Why Decouple with Queues?
Direct synchronous calls between services create tight coupling — the caller blocks, both services must be healthy simultaneously, and failure propagates instantly. Message queues and event streams break this dependency.
The four decoupling benefits:
1. Load Leveling
Without queue:
Traffic spike: 10,000 req/s → Order Service (capacity: 1,000/s) → OVERLOADED, 503s
With queue:
Traffic spike: 10,000 req/s → Queue (absorbs spike) → Order Service (1,000/s) → fine
Queue drains over 10 seconds. No data lost. No 503s.
2. Async Work Offloading
User registers → immediately return 201 Created → queue sends welcome email asynchronously.
Sending email via SMTP takes 200–500ms. Don’t make the user wait for it. Queue it, return fast, send in background.
3. Durability
If Order Service goes down for 30 minutes, orders queued during that time are processed when it recovers. With synchronous calls, those orders would have been 503 errors.
4. Fan-out (Multiple Consumers)
One event triggers multiple independent actions:
OrderPlaced event:
→ EmailService (send confirmation)
→ InventoryService (decrement stock)
→ AnalyticsService (record sale)
→ FraudService (run fraud check)
All four happen independently. OrderService doesn't know about any of them.
Message Queue vs Event Stream: The Core Conceptual Difference
This distinction trips up most interviewers who haven’t worked with both:
MESSAGE QUEUE (RabbitMQ, SQS):
- Message is consumed and DELETED
- Each message processed by EXACTLY ONE consumer
- Queue depth decreases as messages are consumed
- "Work queue" / "task queue" mental model
Producer → [msg1][msg2][msg3] → Consumer A gets msg1 (deleted)
→ Consumer B gets msg2 (deleted)
EVENT STREAM (Kafka):
- Events are RETAINED for a configurable period (hours, days, forever)
- Multiple independent consumer groups each read ALL events
- Offset (position) is tracked per consumer group, not deleted from stream
- "Log" / "append-only ledger" mental model
Producer → [e1][e2][e3][e4][e5]...
Consumer Group A: reads e1,e2,e3,e4,e5 (at offset 5)
Consumer Group B: reads e1,e2 (at offset 2, still catching up)
Consumer Group C: starts at e1 (new consumer, replays history)

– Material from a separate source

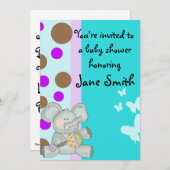 Baby Elephant and Butterflies Dusche Einladung (Vorne/Hinten)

Use a queue when: Each job should be done once by one worker (email sending, order processing, image resizing).
Use a stream when: Multiple independent systems need to react to the same events, or you need replay capability (analytics, audit logs, event sourcing).
Kafka Deep Dive
Kafka is a distributed, partitioned, replicated commit log. Every design decision traces back to this description.
Topics, Partitions, and Offsets
Topic: "orders" (3 partitions, replication factor 3)
Partition 0: [e0][e1][e2][e3][e4]...
Partition 1: [e0][e1][e2]...
Partition 2: [e0][e1][e2][e3][e4][e5]...
Each event has:
- partition: which partition it lives in
- offset: sequential integer within that partition
- key: optional; determines partition assignment
- value: bytes (usually Avro, Protobuf, or JSON)
- timestamp: event creation time
- headers: optional key-value metadata
How partitioning works:
// Kafka producer partition assignment:
// If key is provided: hash(key) % numPartitions → deterministic partition
// If no key: round-robin across partitions
producer.send({
topic: 'orders',
messages: [{
key: order.userId, // All orders from same user → same partition
value: JSON.stringify(order),
headers: { 'schema-version': '2' }
}]
});
Using userId as the key ensures all orders for a given user land in the same partition — preserving per-user ordering without global ordering.
Consumer Groups
Topic "orders" — 4 partitions
Consumer Group "order-processor"
Case 1: 2 consumers in group
Consumer A → Partition 0, Partition 1
Consumer B → Partition 2, Partition 3
Case 2: 4 consumers in group (1:1 — optimal)
Consumer A → Partition 0
Consumer B → Partition 1
Consumer C → Partition 2
Consumer D → Partition 3
Case 3: 6 consumers, 4 partitions
Consumer A → Partition 0
Consumer B → Partition 1
Consumer C → Partition 2
Consumer D → Partition 3
Consumer E → IDLE (no partition assigned)
Consumer F → IDLE
Maximum parallelism = number of partitions
Critical insight: Kafka’s maximum consumer parallelism is bounded by partition count. If you need 100x parallelism, you need 100 partitions. Partition count cannot be decreased after creation (only increased), so planning upfront matters.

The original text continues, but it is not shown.